RStudio will even take care of loading .csv files for you, if you click on them in the file selector pane (in the bottom right by default) and select Import dataset.... This can be useful to help you get started, but as you get more confident it's really better to do everything with code rather than pointing and clicking. RStudio will, to its great credit, show you the code that makes your pointing and clicking work, so take a note of it and use it to load the data the next time yourself.

 

Data types and structures

There are many data types and structures of data within R. The following topics summarize some of the main types and structures that you will use when building Shiny applications.

Dataframes, lists, arrays, and matrices

Dataframes have several important features that make them useful for data analysis:

  • Rectangular data structures, with the typical use being cases (for example, the days in one month) listed down the rows and variables (page views, unique visitors, or referrers) listed along the columns
  • A mix of data types is supported. A typical data frame might include variables containing dates, numbers (integers or floats), and text
  • With subsetting and variable extraction, R provides a lot of built-in functionality to select rows and variables within a dataframe
  • Many functions include a data argument, which makes it very simple to pass dataframes into functions and process only the variables and cases that are relevant, which makes for cleaner and simpler code

We can inspect the first few rows of the dataframe using the head(analyticsData) command.
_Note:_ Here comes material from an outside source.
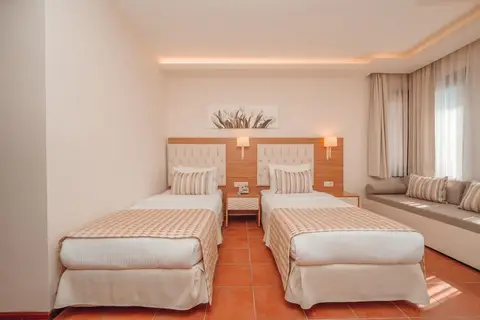 Sundia by Liberty Suncity, fotografia 18 nga 20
The following screenshot shows the output of this command:

As you can see, there are four variables within the dataframe: one contains dates, two contain integer variables, and one contains a numeric variable.
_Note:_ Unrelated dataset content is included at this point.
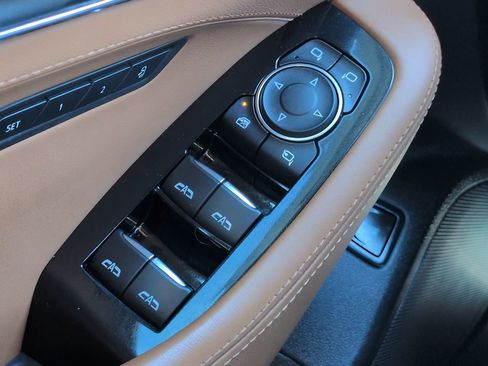 Used 2025 Cadillac CT5 V image 22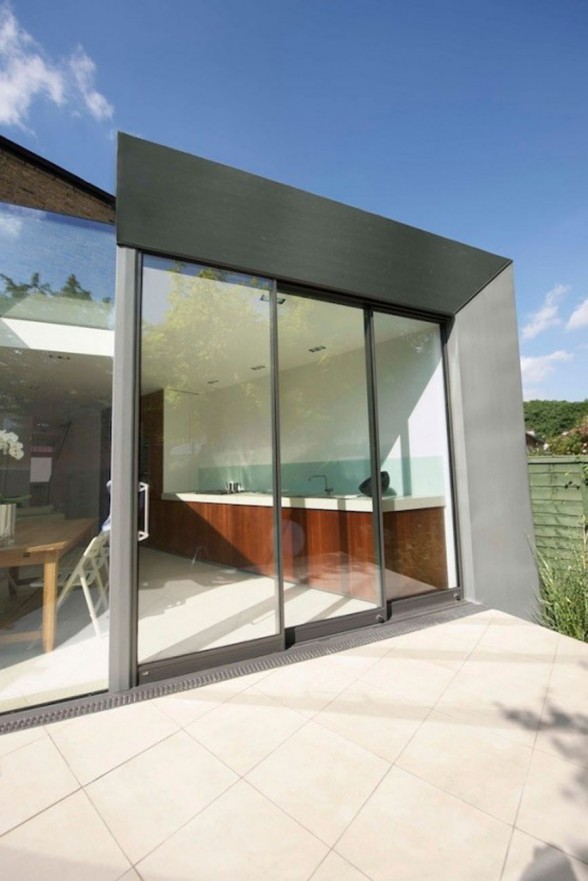 Simple Modern Terrace House Design in LondonHouse  - Kitchen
Variables can be extracted from dataframes very simply using the $ operator, as follows:

> analyticsData$pageViews
[1] 836 676 940 689 647 899 934 718 776 570 651 816
[13] 731 604 627 946 634 990 994 599 657 642 894 983
[25] 646 540 756 989 965 821

Variables can also be extracted from dataframes using [], as shown in the following command:

> analyticsData[, "pageViews"]

Note the use of a comma with nothing before it to indicate that all rows are required. In general, dataframes can be accessed using dataObject[x,y], with x being the number(s) or name(s) of the rows required and y being the number(s) or name(s) of the columns required. For example, if the first 10 rows were required from the pageViews column, it could be achieved like this:

> analyticsData[1:10,"pageViews"]
[1] 836 676 940 689 647 899 934 718 776 570

Leaving the space before the comma blank returns all rows, and leaving the space after the comma blank returns all variables. For example, the following command returns the first three rows of all variables:

> analyticsData[1:3,]

The following screenshot shows the output of this command:

Dataframes are a special type of list. Lists can hold many different types of data, including lists. As with many data types in R, their elements can be named, which can be useful to write code that is easy to understand. Let's make a list of the options for dinner, with drink quantities expressed in milliliters.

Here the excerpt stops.